Datenschutz kann man nicht ernst genug nehmen

27. März 2018

Neue Datenschutzregeln

Datenschutz-Grundverordnung –  Was Unternehmen beachten sollten

Ab dem 25.05.2018 gilt die neue EU-Datenschutz-Grundverordnung 2016/679 (DSGVO).  Durch die neue Verordnung wird die derzeit noch geltende Datenschutzrichtlinie 95/46/EG zum Schutz natürlicher Personen bei der Verarbeitung personenbezogener Daten und zum freien Datenverkehr abgelöst. Die Datenschutzgrundverordnung entfaltet dabei unmittelbare Wirkung in allen Mitgliedstaaten und somit auch für Unternehmen mit Sitz in Deutschland. Die Regelungen des bisher von Unternehmen zu beachtenden Bundesdatenschutzgesetzes (BDSG) werden weitgehend durch die Regelungen der Verordnung verdrängt.

Unternehmen müssen die Verarbeitung personenbezogener Daten den neuen Regelungen anpassen, da ansonsten empfindliche Strafen drohen können.

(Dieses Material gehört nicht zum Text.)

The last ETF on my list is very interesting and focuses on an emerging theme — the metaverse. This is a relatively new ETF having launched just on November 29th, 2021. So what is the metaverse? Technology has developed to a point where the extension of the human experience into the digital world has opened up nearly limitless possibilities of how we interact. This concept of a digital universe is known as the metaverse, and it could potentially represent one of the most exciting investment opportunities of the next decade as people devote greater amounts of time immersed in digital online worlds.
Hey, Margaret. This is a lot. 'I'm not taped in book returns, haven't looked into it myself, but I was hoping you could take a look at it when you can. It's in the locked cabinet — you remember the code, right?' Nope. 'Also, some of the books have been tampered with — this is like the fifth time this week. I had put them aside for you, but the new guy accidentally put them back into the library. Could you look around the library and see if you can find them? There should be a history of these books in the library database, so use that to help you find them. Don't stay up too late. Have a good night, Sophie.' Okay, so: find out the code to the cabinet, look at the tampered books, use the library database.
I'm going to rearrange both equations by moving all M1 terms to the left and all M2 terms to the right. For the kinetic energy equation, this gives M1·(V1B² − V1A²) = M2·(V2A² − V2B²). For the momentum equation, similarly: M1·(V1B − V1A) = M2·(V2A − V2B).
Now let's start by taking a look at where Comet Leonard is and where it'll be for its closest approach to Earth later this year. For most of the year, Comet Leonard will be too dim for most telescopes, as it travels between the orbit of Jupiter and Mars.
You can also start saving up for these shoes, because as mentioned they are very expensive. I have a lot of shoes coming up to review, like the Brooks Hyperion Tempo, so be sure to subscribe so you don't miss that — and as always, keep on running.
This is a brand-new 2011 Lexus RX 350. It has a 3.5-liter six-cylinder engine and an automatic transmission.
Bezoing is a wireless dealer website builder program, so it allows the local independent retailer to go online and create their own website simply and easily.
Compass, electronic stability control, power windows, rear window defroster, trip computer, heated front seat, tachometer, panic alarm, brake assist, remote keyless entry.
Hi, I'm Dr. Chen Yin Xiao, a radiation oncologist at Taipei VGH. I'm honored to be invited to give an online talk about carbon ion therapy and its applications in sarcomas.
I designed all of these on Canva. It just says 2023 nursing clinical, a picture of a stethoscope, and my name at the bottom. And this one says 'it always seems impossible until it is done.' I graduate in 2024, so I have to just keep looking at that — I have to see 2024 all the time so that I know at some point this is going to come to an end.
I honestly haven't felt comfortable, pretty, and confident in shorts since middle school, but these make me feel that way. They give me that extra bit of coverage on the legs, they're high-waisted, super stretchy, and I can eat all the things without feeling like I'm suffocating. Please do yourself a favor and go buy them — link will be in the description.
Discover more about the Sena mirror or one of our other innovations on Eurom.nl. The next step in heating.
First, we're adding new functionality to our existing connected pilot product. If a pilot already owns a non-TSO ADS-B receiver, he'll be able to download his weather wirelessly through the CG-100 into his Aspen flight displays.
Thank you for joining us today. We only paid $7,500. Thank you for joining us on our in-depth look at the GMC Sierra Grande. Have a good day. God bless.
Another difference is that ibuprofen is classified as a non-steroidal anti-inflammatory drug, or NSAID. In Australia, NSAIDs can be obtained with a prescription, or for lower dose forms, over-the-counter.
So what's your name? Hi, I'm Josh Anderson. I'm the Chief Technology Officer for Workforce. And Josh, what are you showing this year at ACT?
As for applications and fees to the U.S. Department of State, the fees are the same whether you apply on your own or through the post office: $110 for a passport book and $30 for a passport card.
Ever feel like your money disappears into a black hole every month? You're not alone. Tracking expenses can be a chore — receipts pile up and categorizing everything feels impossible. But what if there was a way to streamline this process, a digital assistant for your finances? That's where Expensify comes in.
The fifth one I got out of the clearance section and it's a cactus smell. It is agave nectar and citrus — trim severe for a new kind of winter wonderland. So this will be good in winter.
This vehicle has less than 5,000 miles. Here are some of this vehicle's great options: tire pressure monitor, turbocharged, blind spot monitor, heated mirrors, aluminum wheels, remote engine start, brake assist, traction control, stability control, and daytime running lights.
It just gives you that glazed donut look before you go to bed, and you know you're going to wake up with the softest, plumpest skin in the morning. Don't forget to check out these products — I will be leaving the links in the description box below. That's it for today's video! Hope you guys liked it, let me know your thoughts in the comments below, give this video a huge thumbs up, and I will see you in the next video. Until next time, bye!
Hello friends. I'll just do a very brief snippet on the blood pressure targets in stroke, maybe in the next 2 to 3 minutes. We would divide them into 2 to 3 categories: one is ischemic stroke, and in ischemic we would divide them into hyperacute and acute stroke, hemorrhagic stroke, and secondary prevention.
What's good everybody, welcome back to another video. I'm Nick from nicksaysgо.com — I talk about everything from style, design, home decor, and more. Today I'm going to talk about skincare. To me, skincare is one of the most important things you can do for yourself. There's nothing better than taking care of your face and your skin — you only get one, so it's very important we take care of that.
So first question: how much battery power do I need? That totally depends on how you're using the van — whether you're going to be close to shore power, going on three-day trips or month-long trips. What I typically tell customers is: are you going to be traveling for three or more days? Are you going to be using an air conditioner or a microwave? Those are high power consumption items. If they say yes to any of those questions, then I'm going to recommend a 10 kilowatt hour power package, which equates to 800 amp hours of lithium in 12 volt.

Wichtige neue Datenschutz Regelungen

Eine wichtige Neuerung der DSGVO im Vergleich zum bisher geltenden BDSG sind einige neue Begriffsbestimmungen.  Neu ist dabei ein der weitreichende Verarbeitungsbegriff gemäß Art. 4 Nr. 2 DSGVO. Die Dreiteilung - Erhebung, Verarbeitung, Übermittlung - wurde aufgehoben.  Die Definition des Auftragsverarbeiters wurde insoweit erweitert, als dass keine Beschränkung mehr auf die Auftragsverarbeitung im Europäischen Wirtschaftsraum vorliegt.  Neu sind auch die Definitionen für besondere Arten von Daten, wie "biometrische Daten" und "genetische Daten" (Art. 4 Nr. 12, 13 DSGVO). Unternehmen, die daher beispielsweise Gesichtserkennungs- oder Fingerabdrucksverfahren verwenden, sollten besonders die damit verbundenen neuen Vorschriften prüfen.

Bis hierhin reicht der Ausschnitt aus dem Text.